> **Aim of the exercise**
Output exactly the lines below, starting with the line that has "Asus ROG All-Women Valorant" and going on through the line that has "Cover of: Nicknames", both included, and no other lines.

> **Material supplied**
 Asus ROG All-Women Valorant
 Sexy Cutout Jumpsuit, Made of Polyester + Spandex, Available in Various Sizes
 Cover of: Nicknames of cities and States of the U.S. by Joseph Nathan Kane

---

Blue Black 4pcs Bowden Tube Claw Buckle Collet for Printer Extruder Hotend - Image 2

---

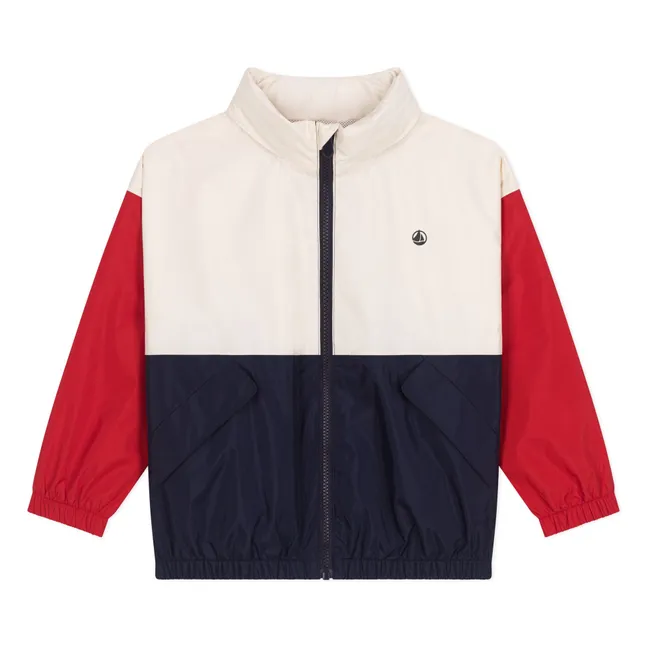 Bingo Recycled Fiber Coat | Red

> **Result**
 Asus ROG All-Women Valorant
 Sexy Cutout Jumpsuit, Made of Polyester + Spandex, Available in Various Sizes
 Cover of: Nicknames of cities and States of the U.S. by Joseph Nathan Kane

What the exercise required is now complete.